Major Accountabilities

- Develop, implement and maintain the local Quality Management System (QMS), also covering all necessary GXP- s, norms, regulations and standards related to the scope of the affiliate business.

- Ensure that Corporate Procedures and Standards are properly deployed in to the local QMS and managed according.

- Creation, implementation and maintenance of SOPs to ensure their implementation through training and inspection activities involving the business units and third parties.

- Audits: Prepare, conduct and report internal/ external audits.

- Ensure the implementation and enforcement of good practices for the affiliate and third parties contracted.

- Develop, support and/or participate in CAPA plans generated from these audits.

- Ensure Third Parties are properly qualified, monitored and processes are compliant with Alcon Quality requirements (warehouse, distribution, redress/relabeling, etc.).

- Guarantee that products are storage properly, respecting their label statements, also handled, distributed and transported under their requirements.

- Investigate, when necessary, customer complaints related to product quality.

- Ensure that products received are in compliance with Alcon and local regulatory requirements, stored, handled and distributed properly.

- Investigate quality issues and/or review results provided by other departments.

- Manage deviations and Change Control.

- Escalate potential issues to Corporate QA.

- Ensure that the Annual Quality Risk Assessment is performed properly and in time.

- Conduct training for quality compliance requirements as applicable and needed.

- Leverage and synergize with resources from other Novartis divisions.

- Gather, maintain and report KPI's for quality assurance in accordance with corporate QA guidelines.

- Staff, organize, train, lead and develop a Quality Assurance department capable of carrying out the above responsibilities.

Key Performance Indicators

- All applicable QMs/QDs from the Novartis Quality Manual are authorized / implemented / Closed (QM%).

- Relevant Key Quality Indicators are implemented, regularly reviewed and reported to local and Corpo-rate Management (Cockpit).

- Issues are adequately/timely escalated and CAPAs implemented.

- Proper and timely completion of the NVS Annual Quality Risk Assessment.

- Regulatory inspections are effectively prepared, managed and followed up (#Inspections).

- Internal and External audit outcomes (Panned vs Performed)

Ideal Background

Education: Minimum Required: BS Degree in Engineering or Scientific field

- Preferred Level: BS in scientific discipline + MBA

Skills:

- Fluent in English both in spoken and written.

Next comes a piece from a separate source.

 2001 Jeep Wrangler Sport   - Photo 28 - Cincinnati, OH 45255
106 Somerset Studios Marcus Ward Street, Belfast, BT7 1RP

- Computer literacy with standard software platforms

- Quality Assurance

- Quality Auditor

Key Competencies/Behaviours: - Results Driven

- Leadership

- Problem solving and analysis

- People and results oriented style

- Customer / Quality Focus

- Empowerment / Accountability

- Mutual Respect / Trust / Loyalty

- Integrity, responsive, high commitment

Experience:

- Minimum Required:

- 7 years experience in regulated Industry (Devices or Drugs) with GxP experience, 3rd party management and quality auditing.

- Knowledge of FDA- s, EU`s, GMP- s, ISO 13.485 and local regulatory standards (As applicable)

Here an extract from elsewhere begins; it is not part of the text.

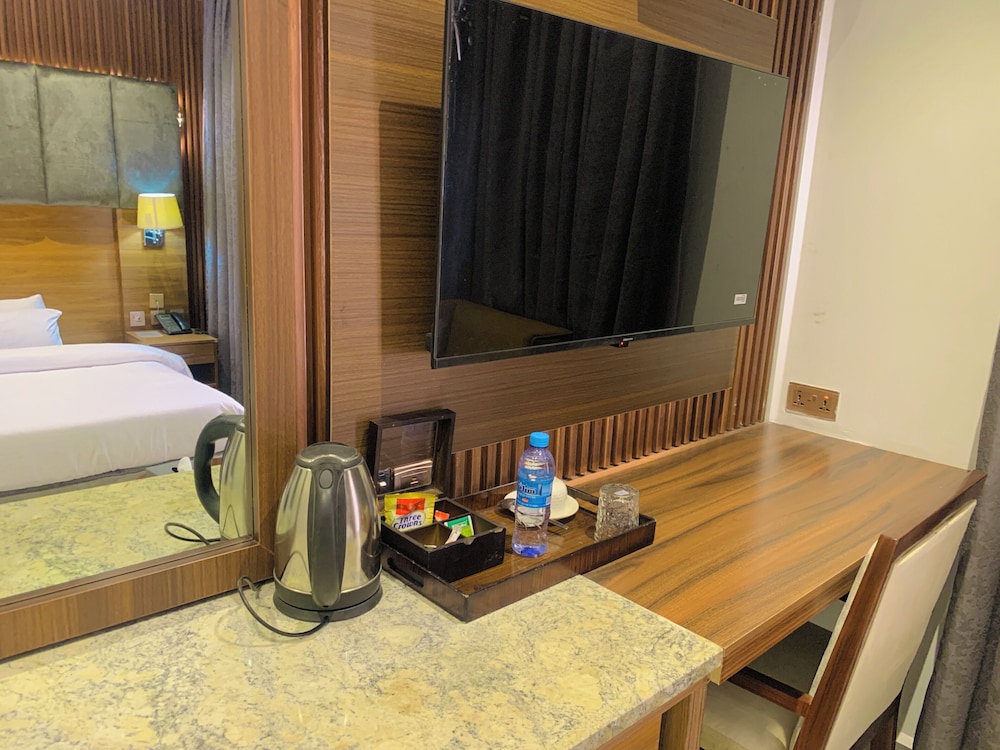 Grand Towers Hotel 50/50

- Two (2) years of relevant experience as Quality Manager

- Experience leading people and teams.

- Knowledge of Pharmacovigilance regulations.

- Experience as Internal Auditor

- Preferred Level:

- 9+ years practical experience in regulated industry with solid experience of pharma and medical device requirements, including supplier management for large multinational company (ies).

- Solid experience leading people, project management and cross-functional associates.